## Required work
Repeat the lines below exactly as written, please, from the line with "Samsung Portátil Galaxy" to the line with "Sold by Trump", both lines included, and no others.

## Data for this task
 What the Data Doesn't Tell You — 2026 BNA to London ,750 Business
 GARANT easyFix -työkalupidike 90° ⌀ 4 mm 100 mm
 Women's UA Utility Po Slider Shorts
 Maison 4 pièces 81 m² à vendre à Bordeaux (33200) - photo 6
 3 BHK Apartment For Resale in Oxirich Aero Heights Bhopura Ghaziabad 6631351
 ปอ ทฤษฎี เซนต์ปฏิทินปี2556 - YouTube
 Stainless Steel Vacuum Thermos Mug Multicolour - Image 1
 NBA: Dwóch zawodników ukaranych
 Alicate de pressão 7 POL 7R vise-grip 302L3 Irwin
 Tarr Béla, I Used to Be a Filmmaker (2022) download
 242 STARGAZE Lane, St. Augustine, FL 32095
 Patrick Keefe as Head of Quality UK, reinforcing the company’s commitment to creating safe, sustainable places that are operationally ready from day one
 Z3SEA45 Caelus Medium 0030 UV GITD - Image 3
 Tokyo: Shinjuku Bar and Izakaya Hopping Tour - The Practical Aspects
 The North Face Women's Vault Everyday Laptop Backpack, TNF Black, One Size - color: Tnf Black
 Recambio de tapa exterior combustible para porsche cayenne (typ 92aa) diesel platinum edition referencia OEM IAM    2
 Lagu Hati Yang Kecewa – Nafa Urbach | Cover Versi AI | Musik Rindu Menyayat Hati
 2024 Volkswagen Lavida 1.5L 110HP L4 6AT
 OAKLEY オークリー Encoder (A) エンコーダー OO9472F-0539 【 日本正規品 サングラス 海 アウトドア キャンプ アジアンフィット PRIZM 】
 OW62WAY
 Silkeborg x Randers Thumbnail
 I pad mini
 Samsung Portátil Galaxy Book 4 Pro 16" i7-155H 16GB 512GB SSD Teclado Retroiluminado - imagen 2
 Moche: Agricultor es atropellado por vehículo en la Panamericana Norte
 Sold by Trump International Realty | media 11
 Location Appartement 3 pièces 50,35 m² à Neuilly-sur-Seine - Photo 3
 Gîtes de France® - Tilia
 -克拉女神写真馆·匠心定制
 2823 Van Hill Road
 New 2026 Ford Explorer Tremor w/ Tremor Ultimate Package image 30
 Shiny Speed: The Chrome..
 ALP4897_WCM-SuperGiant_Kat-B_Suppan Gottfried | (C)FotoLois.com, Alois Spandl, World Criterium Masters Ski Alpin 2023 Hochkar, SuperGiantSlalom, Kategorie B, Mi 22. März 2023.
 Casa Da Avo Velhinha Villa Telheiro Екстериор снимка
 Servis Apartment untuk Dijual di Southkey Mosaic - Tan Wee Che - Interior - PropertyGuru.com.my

## Result below
 Samsung Portátil Galaxy Book 4 Pro 16" i7-155H 16GB 512GB SSD Teclado Retroiluminado - imagen 2
 Moche: Agricultor es atropellado por vehículo en la Panamericana Norte
 Sold by Trump International Realty | media 11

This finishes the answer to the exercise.